Source: Marshall's Harmonic Measure Chapter 2 Problem 8
I have been working on this problem the entire day, and I could not figure out a way to crack it.
Question: Let $u(z)$ be the Poisson integral of $f \in L^2(\overline{\mathbb{D}})$. Use Green's theorem to show$$\frac{1}{2\pi} \int |f - f(0)|^2 = \frac{2}{\pi} \int \int_{\mathbb{D}} |\nabla u(z)|^2 \log\frac{1}{|z|} \, dx dy.$$
Hints(copy from the book): Replace $f$ by $u(re^{i \theta})$, use the identity $\Delta |u|^2 = 4 |\nabla u|^2$ and Green's theorem, and send $r \to 1$.

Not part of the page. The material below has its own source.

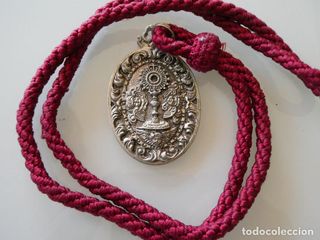 MEDALLA MEDALLÓN RELIGIOSO. HERMANDAD JESÚS NAZARE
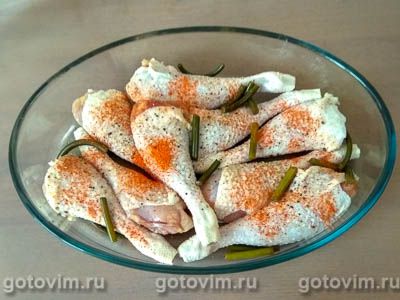 Куриные голени с овощной стружкой из кабачков Куриные голени с овощной стружкой из кабачков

What I have tried: I tried to start with an easy case where $f(0) = 0$. Then, by Green's identity ($\int_U \Delta u \, dx = \int_{\partial U}\frac{\partial u}{\partial n} \, dS$), I could see that $$\frac{d}{dr} \frac{1}{2\pi} \int_{0}^{2\pi} |u(re^{i \theta})|^2 \, d\theta =\frac{2}{\pi r} \int \int_{r \mathbb{D}} |\nabla u|^2 \, dx dy,$$and we could take the limit $r \to 1$. However, I am stuck after this step, nor was I entirely sure the above observation is helpful.